Matt - I went to hookup the replacement motor that you shipped to me and I noticed differences in how the motors are wired internally. I stopped until I could get some advise from you, also I have not applied power to the new motor yet. I also verified that the data plates on both the old motor and new motor match.

I have attached pictures showing the wiring on the old motor and new motor. I am not an electrician, but this does not look right. Please get back with me as soon as you can.


Hi Jim,
 I would take that extra jumper off, for sure.

 So it looks just like the yellow and the black wires are switched, right? The Chinese sometimes change things around on me, makes it hard.

 I would switch the yellow and black, so its the same as the old one, and give it a shot. Just try it real quick, it should work like that though. 



Matt - I pulled the jumper and swapped the wires. Powered it up and it ran backwards. I then swapped wires U1 and U2 and the rotation was correct with the switch. Look's like I could have just pulled the jumper on it and been OK. 

Tomorrow I do some milling with and see how it does under a load.

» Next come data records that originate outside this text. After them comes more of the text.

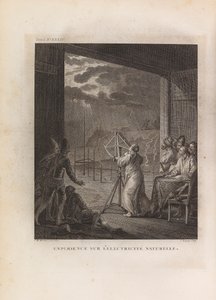 Experiment met natuurlijke elektriciteit, begin 1760s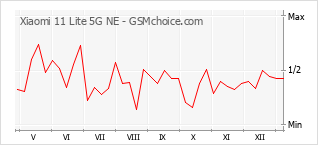 Traçar mudanças de populariedade do telemóvel Xiaomi 11 Lite 5G NE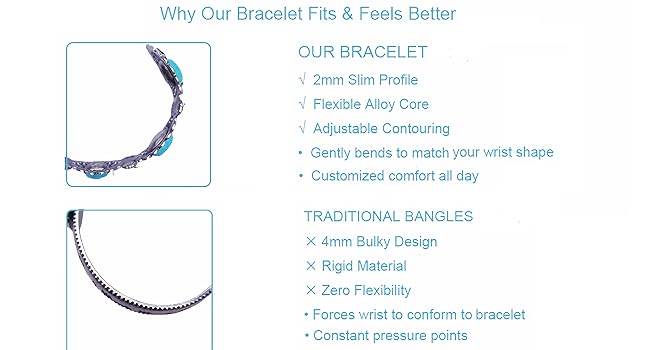 Bracelet fit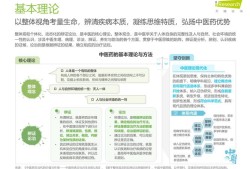 中医理论在现代医学中的应用与挑战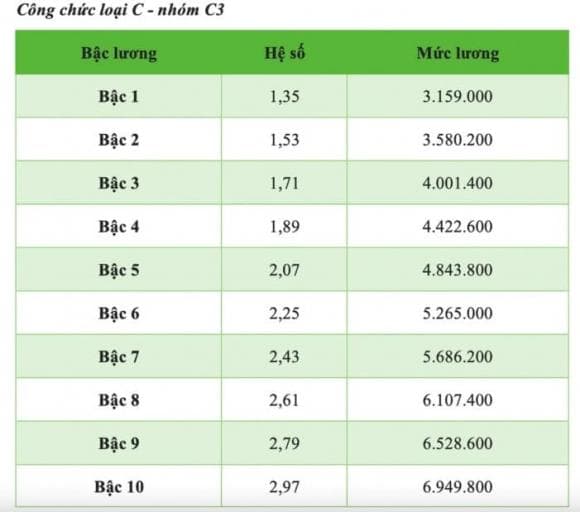 công chức, lương công chức, kiến thức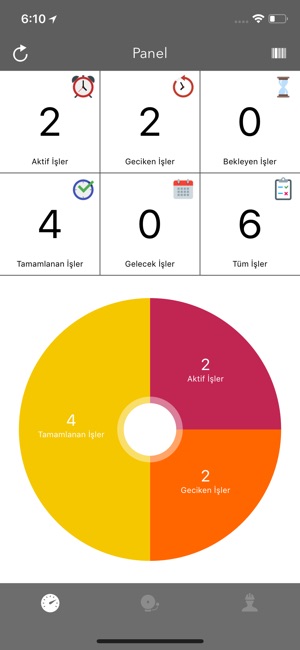 DTC Servis(圖2)-速報App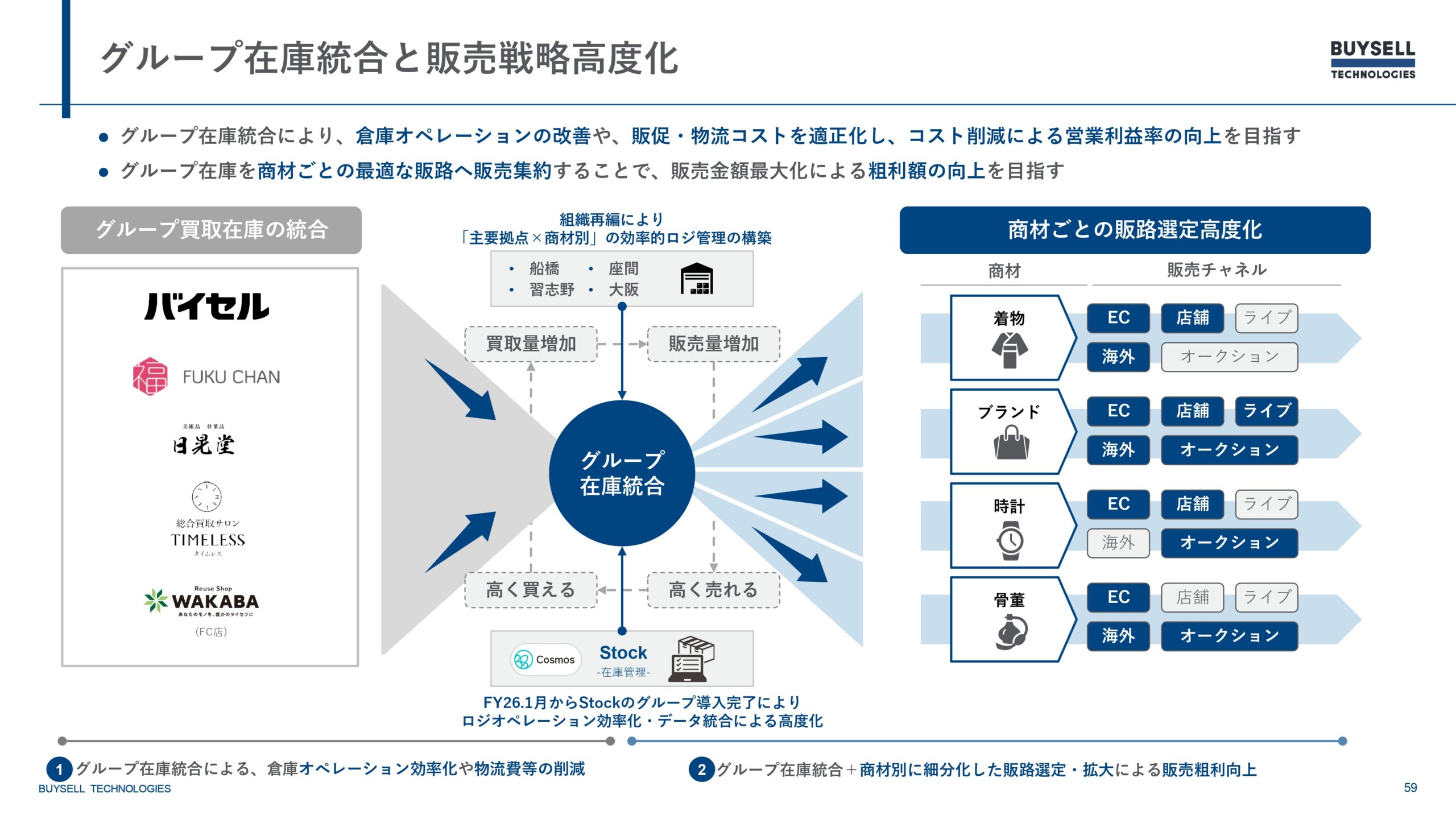 2025年12月期決算説明資料の画像59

Thanks for your help and I appreciate you replying back to me on the weekend.


----------



## kennyv (Sep 13, 2015)

Got it ..My wiring was fine BOTH  jumpers NOT needed fig out this AM before reading this post. 
After viewing dif wiring diagrams on 220 V single phase terminal blocks I came to the conclusion that it was simple stupid . Last night I had isolated the wires from forward to reverse CW CCW . Than Spent some time thinking about what is missing in the scenario . My stumbling block was the new terminal block was pre wired with jumpers. I had (assumed) pictured the old one had internal jumpers leads . Than as I opened the power box and traced the wires from the F/Rev switch it dawned on me that the reverse polarity HAS to be done with the switch not at the terminal block. Am I correct with that statement ?

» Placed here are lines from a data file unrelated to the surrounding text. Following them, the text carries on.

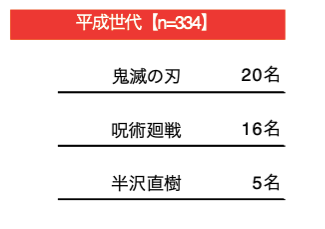 『鬼滅の刃』に『呪術廻戦』「最近1年以内にハマった放送作品」アンケートで平成世代からは人気アニメが上位にの画像002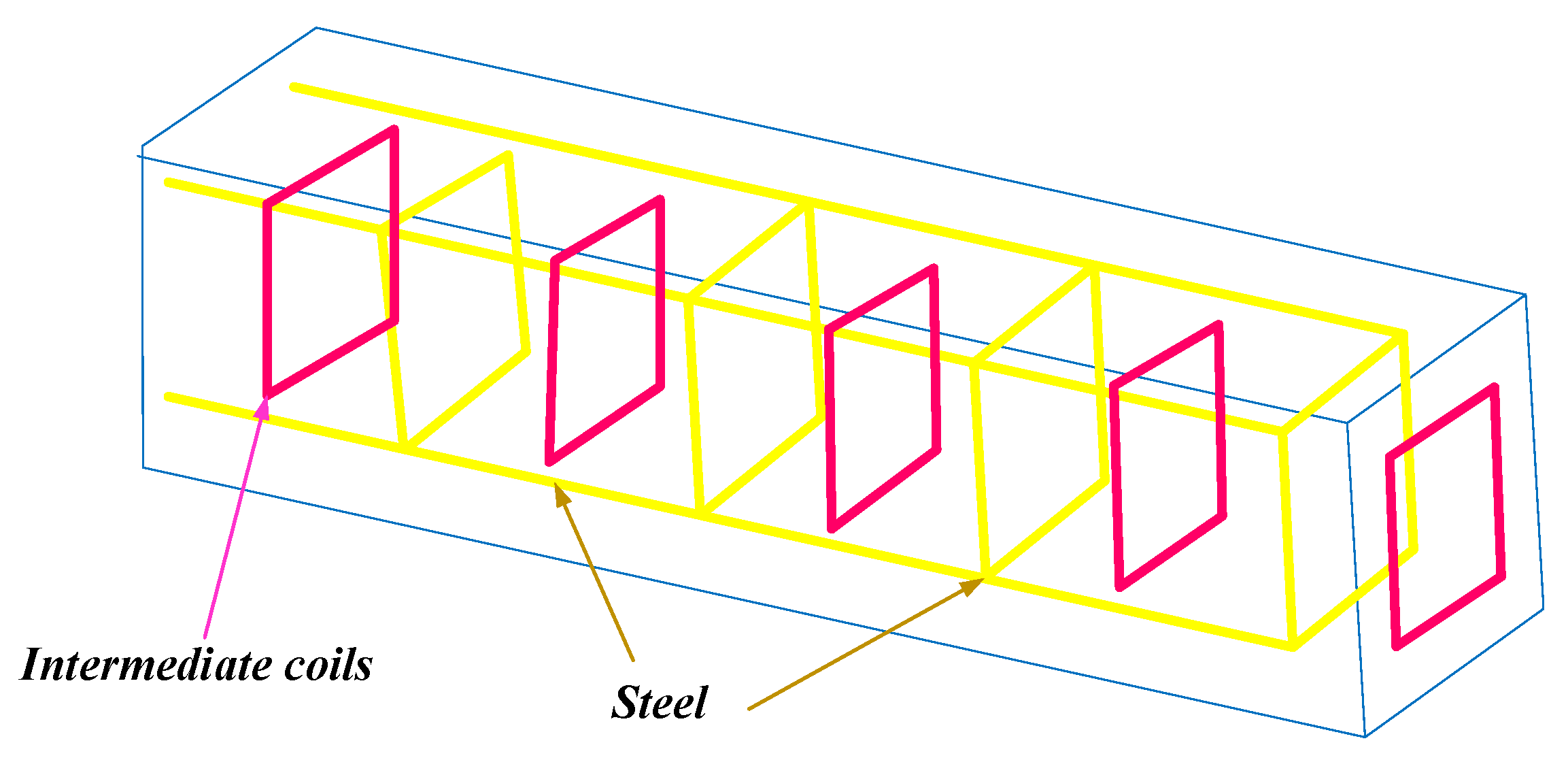 Micromachines 14 00786 g022 Micromachines 14 00786 g022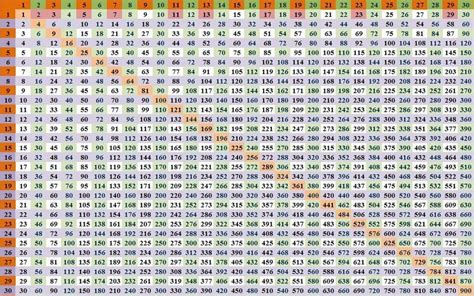 Multiplication Table 1 30 Printable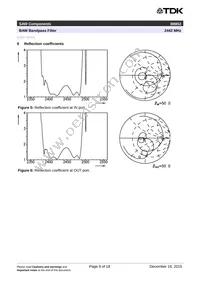 B39242B8852P810 Datasheet Page 11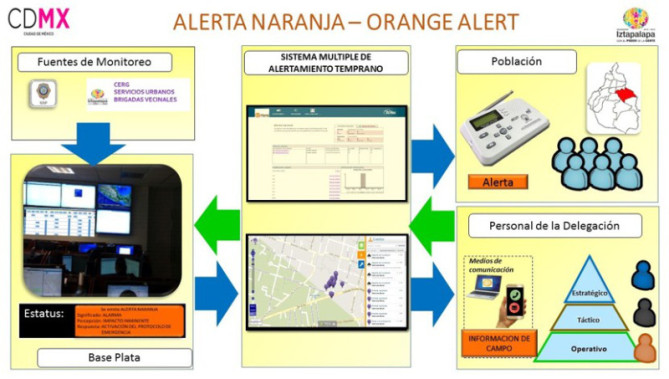 orange_alert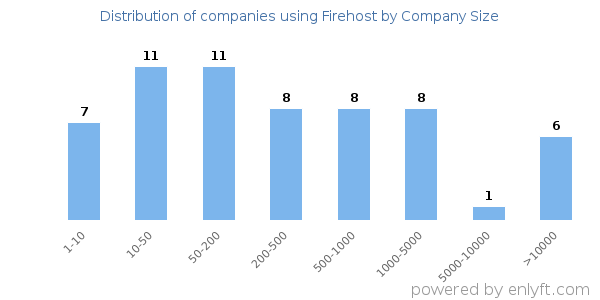 Companies using Firehost, by size (number of employees)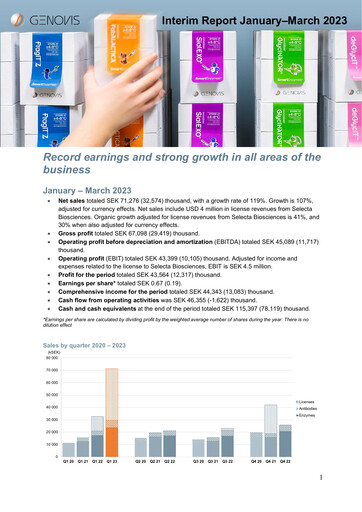 Vorschaubild Genovis AB Quartalsbericht 2023-q1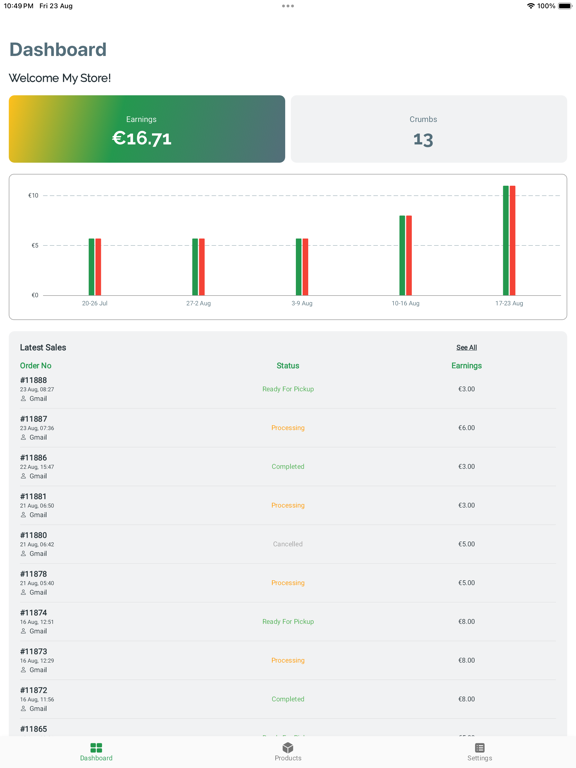Screenshot #5 pour Crumbs Manager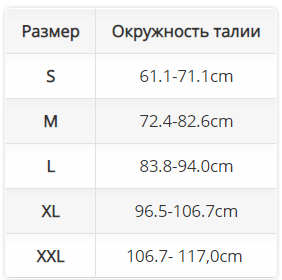 Послеоперационный бандаж 2162 OPPO Medical, умеренная фиксация купить в OrtoMir24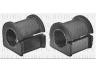 skersinio stabilizatoriaus komplektas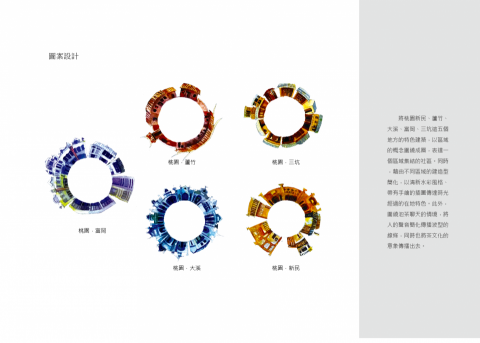 coco.kuo - 插畫設計 coco.kuo - 插畫設計
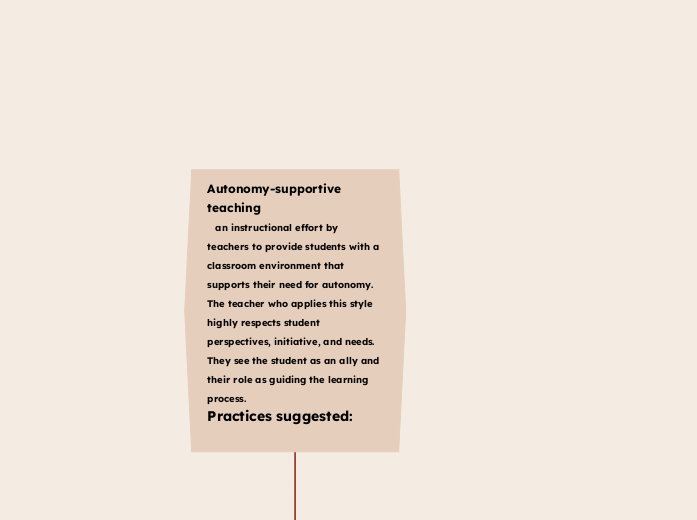 Autonomy-supportive teaching   an instructional effort by teachers to provide students with a classroom environment that supports their need for autonomy. The teacher who applies this style highly respects student perspectives, initiative, and needs. The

I kinda knew it but wanted to TEST it first with a continuity test with power off first. The Prob was I had spent some time reading on CNC forum a post that went into detail of fella explaining wiring and  another fella explaining in detail how to test isolating entire circuitry.. Before I lay my head down the jumper issue came to mind but only needed confirmation before I set out to check switch and ask Q's isolation the proper circuitry. Than I looked at the way the circuit flowed many times at the terminal block knowing everything else and those dang jumper leads made no sense . Lota Fun solving the puzzle when ya have 2 extra parts that dont belong ayy? 

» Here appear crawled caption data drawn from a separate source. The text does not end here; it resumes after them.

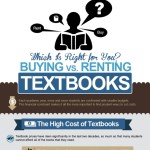 buying vs renting textbooks which is right for you 1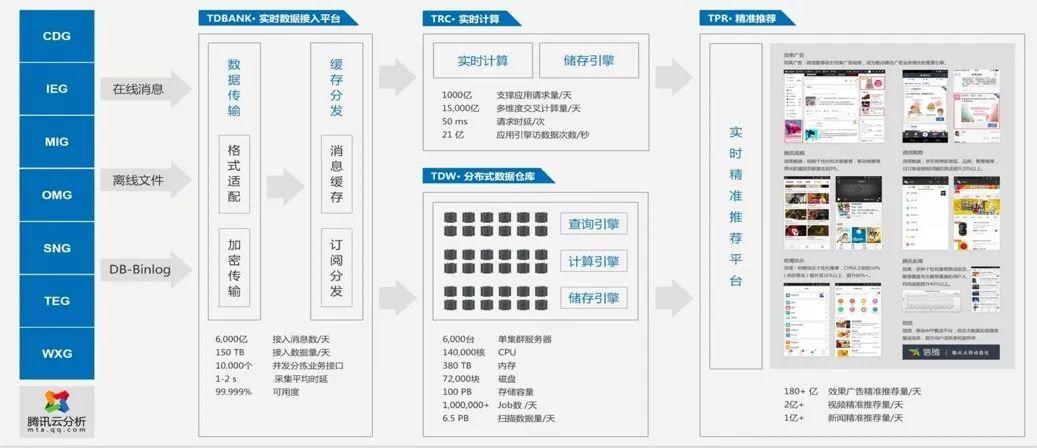 新奥开奖历史记录查询,深入执行数据应用_Notebook63.923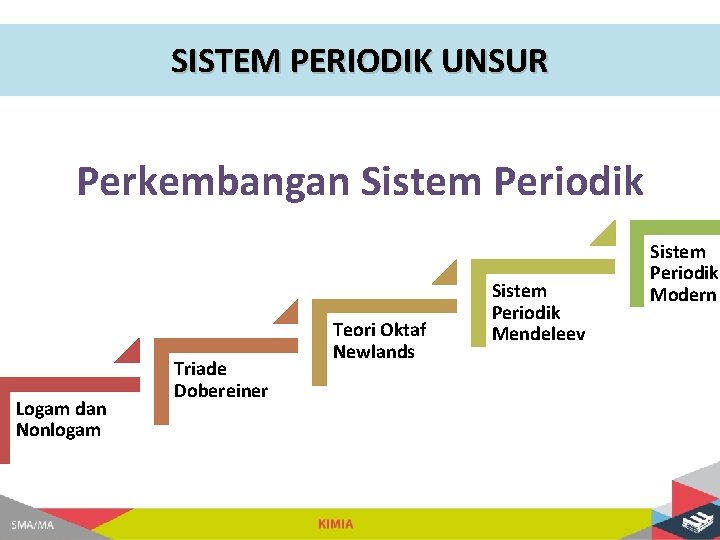 SISTEM PERIODIK UNSUR Perkembangan Sistem Periodik Logam dan Nonlogam Triade Dobereiner Teori Oktaf Newlands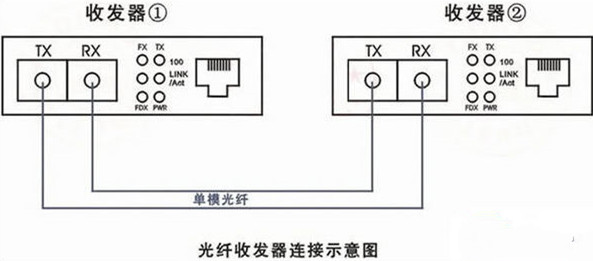 光纤收发器连接示意图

Long story short She's up running fine now . However I do have one Question still unanswered . Why does the diagram on the new power box show Caps wired across W2 and V2 and W1 and W2 when in actuality they are not in those positions .. Is that correct ? *Are  those are 2 different options WITHOUT a Forward and reverse switch in mind ?*

  Thanks for all those who lent a hand and those who guessed thanks for your 2 bits of extra shenanigans as well … it was fun and a learning experience . Gota laugh at our assumptions and ask the right Q's . Ok shes running im gona ask this again and for the 2nd time on another forum . I want to drain the original gear box oil . The manual is NOT clear . *My Q is Mobil DTE heavy/Med same as 80W90 auto gear oil?* As I want to purchase the gear oil and change it before using my new mill thanks.


----------



## TomS (Sep 13, 2015)

kennyv said:


> Got it ..My wiring was fine BOTH  jumpers NOT needed fig out this AM before reading this post.
> After viewing dif wiring diagrams on 220 V single phase terminal blocks I came to the conclusion that it was simple stupid . Last night I had isolated the wires from forward to reverse CW CCW . Than Spent some time thinking about what is missing in the scenario . My stumbling block was the new terminal block was pre wired with jumpers. I had (assumed) pictured the old one had internal jumpers leads . Than as I opened the power box and traced the wires from the F/Rev switch it dawned on me that the reverse polarity HAS to be done with the switch not at the terminal block. Am I correct with that statement ?
> 
> I kinda knew it but wanted to TEST it first with a continuity test with power off first. The Prob was I had spent some time reading on CNC forum a post that went into detail of fella explaining wiring and  another fella explaining in detail how to test isolating entire circuitry.. Before I lay my head down the jumper issue came to mind but only needed confirmation before I set out to check switch and ask Q's isolation the proper circuitry. Than I looked at the way the circuit flowed many times at the terminal block knowing everything else and those dang jumper leads made no sense . Lota Fun solving the puzzle when ya have 2 extra parts that dont belong ayy?
> ...




Glad to hear you got it running.  I can't answer your electrical question because I just don't know.  Hopefully someone else will chime in and have an answer for you.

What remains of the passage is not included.